▸ WHAT YOU WILL DO
Only the line with "Green Basket Bag with gold crossbody chain" and the lines after it, to the end of the data, should appear in the answer, each reproduced exactly.

Short text fragments from websites
────────────────────
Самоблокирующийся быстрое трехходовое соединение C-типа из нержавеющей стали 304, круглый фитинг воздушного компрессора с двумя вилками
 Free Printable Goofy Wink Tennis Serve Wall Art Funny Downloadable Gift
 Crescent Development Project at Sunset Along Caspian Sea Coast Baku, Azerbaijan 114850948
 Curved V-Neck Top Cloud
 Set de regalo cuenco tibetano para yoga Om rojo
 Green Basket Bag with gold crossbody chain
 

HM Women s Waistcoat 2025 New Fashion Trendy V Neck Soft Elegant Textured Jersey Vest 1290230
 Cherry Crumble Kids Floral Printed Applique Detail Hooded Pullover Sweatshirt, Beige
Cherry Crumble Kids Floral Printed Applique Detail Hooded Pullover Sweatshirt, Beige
────────────────────
▸ OUTPUT FOR THIS EXERCISE
 Green Basket Bag with gold crossbody chain
 

HM Women s Waistcoat 2025 New Fashion Trendy V Neck Soft Elegant Textured Jersey Vest 1290230
 Cherry Crumble Kids Floral Printed Applique Detail Hooded Pullover Sweatshirt, Beige
Cherry Crumble Kids Floral Printed Applique Detail Hooded Pullover Sweatshirt, Beige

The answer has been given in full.